▸ Data excerpt

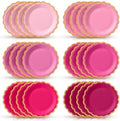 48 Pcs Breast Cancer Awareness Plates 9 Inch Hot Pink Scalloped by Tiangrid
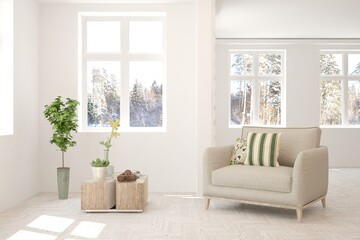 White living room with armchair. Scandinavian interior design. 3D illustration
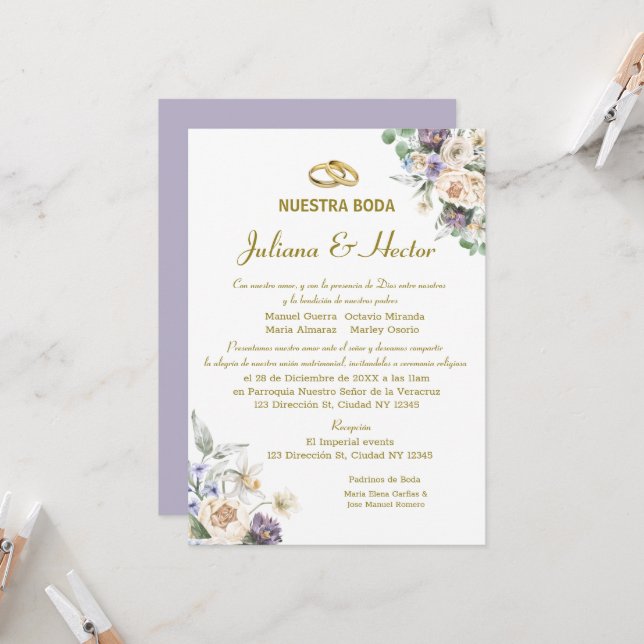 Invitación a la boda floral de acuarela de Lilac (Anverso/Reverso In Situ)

▸ What is being asked
Omit every picture, then reproduce the rest of the listing exactly.

▸ Reply
 48 Pcs Breast Cancer Awareness Plates 9 Inch Hot Pink Scalloped by Tiangrid
 White living room with armchair. Scandinavian interior design. 3D illustration
 Invitación a la boda floral de acuarela de Lilac (Anverso/Reverso In Situ)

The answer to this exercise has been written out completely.